Gli attivisti di Moviment Graffitti hanno apposto uno striscione fuori dalla porta dell’ufficio del Procuratore Generale per protestare ancora una volta contro «l’apparente disprezzo mostrato nei confronti delle lettere e delle dichiarazioni del pubblico che da anni sollecita la rapida risoluzione del caso El Hiblu3». Un continuo ritardo che «non solo mina i principi su cui è costruito il nostro sistema legale» dichiara la Ong, «ma perpetua anche una grave ingiustizia per i giovani coinvolti».
Era infatti il 28 marzo 2019, quando Abdalla, Amara e Kader (soprannominati “El Hiblu 3”) che ai tempi avevano solo 15, 16 e 19 anni, misero piede per la prima volta a Malta, ignari delle nove accuse preliminari che avrebbero dovuto affrontare – tra le quali dirottamento di una nave, sequestro e terrorismo -, impedendogli di vivere una vita dignitosa e libera.
“El Hiblu” è il nome della nave mercantile che quattro anni fa trasse in salvo una carretta del mare alla deriva nel Mediterraneo, che stava tentando di fuggire dalla Libia per raggiungere l’Europa, carica di 108 migranti ricchi di speranza, tra i quali anche i tre giovani.
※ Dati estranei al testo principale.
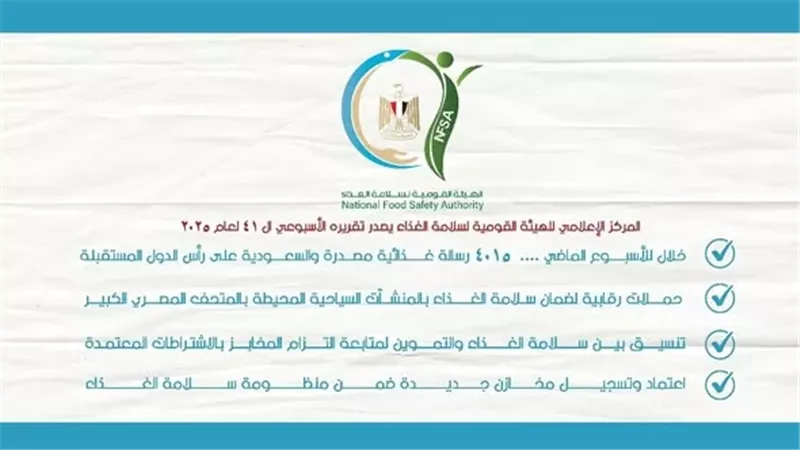 4015 رسالة غذائية مصدرة في أسبوع.. والسعودية على رأس الدول المستقبلة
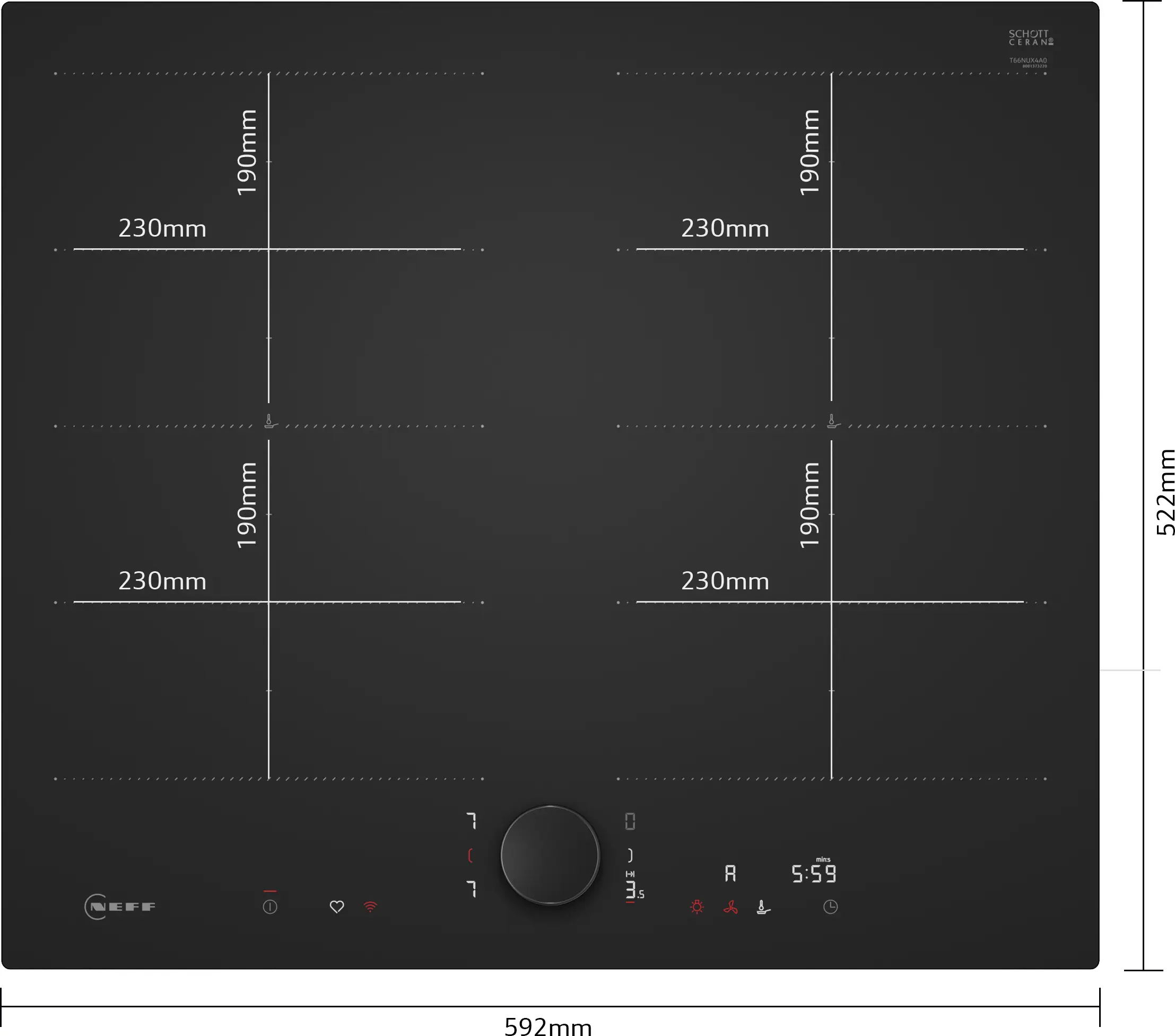 Neff N90 T66NUX4A0 60cm Black Induction Hob - Image 5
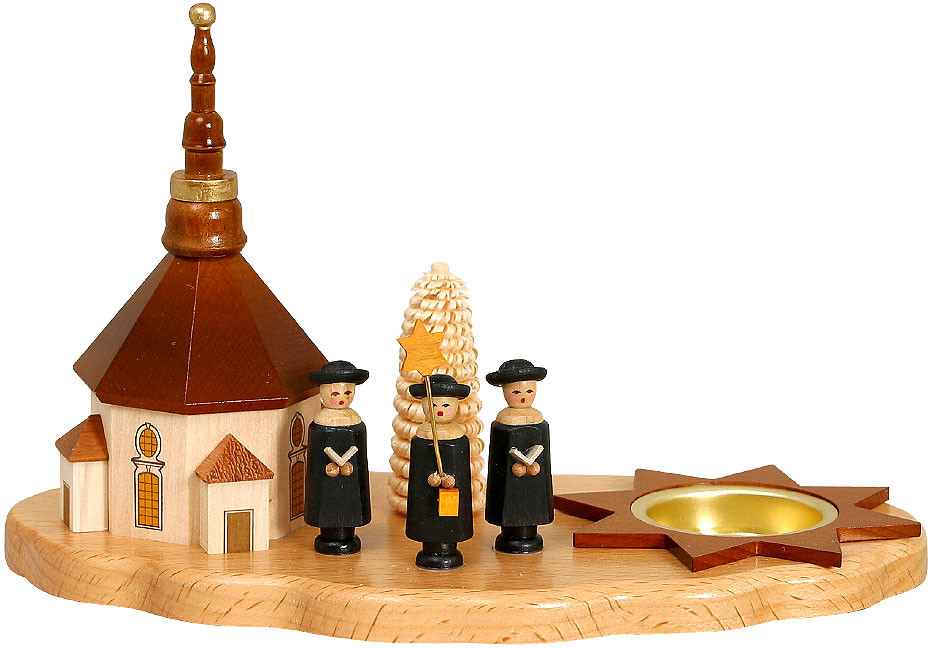 Zeidler Teelichthalter Seiffener Kirche, Kurrende und Bäumchen Zeidler Teelichthalter Seiffener Kirche, Kurrende und Bäumchen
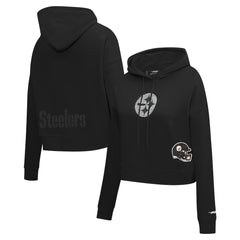 Pittsburgh Steelers Pro Standard Women's Jeweled Cropped Pullover Hoodie Black | NFL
Speranza svanita una volta realizzato che il capitano stava rientrando al porto di partenza, innescando il panico generale tra i presenti al pensiero di dover fronteggiare ancora torture e miseria.
Solo l’intervento di Abdalla, Amara e Kader permise alla nave di raggiungere Malta, dopo aver fatto da interpreti e mediatori tra gli altri migranti ed il capitano.
Una volta messo però piede sull’arcipelago, gli “El Hiblu 3” sono stati arrestati dalle autorità maltesi e, malgrado le testimonianze raccolte in tribunale abbiano confermato come stessero solo tentando di fare da mediatori placando le tensioni sulla nave, i giovani continuano ad oggi ad essere sotto accusa e rischiano l’ergastolo.
«Invece di celebrare il loro coraggio, le autorità maltesi li hanno accusati di diversi crimini e il caso ha attirato l’attenzione internazionale (..) con l’ufficio del Procuratore Generale che ha fatto orecchie da mercante davanti alle numerose lettere e petizioni di cittadini, organizzazioni ed esperti del settore preoccupati per le sorti dei giovani» scrive in un comunicato Moviment Graffitti, che poi chiosa:
«Questa mancanza di comunicazione e trasparenza è profondamente preoccupante e solleva seri interrogativi sull’impegno dell’ufficio del Procuratore Generale nei confronti dei principi di giustizia ed equo processo»
Il prolungato ritardo accumulato nel caso di “El Hiblu 3” non solo aggrava la sofferenza degli indagati ma, affermano gli attivisti, mina anche la fiducia dell’opinione pubblica nel sistema giudiziario.
La Ong ha poi evidenziato le disparità verso un equo e rapido processo che il sistema legale dovrebbe fornire a tutti i cittadini, in maniera indistinta:
«Ogni caso, sia che coinvolga cittadini maltesi o stranieri, deve essere giusto ed equo, piuttosto che utilizzato come forma di punizione, segnalazione politica e deterrenza. Questo caso mette in luce il razzismo istituzionalizzato che affligge il nostro sistema di giustizia penale, che è forte con i deboli e debole con i forti»
In considerazione di ciò, Moviment Graffitti ha nuovamente invitato il Procuratore Generale a mettere in atto «tutte le misure necessarie per accelerare la risoluzione del caso El Hiblu 3», poichè «giustizia ritardata è giustizia negata, ed è giunto il momento di rimediare a questo errore facendo cadere ogni accusa a carico dei tre giovani».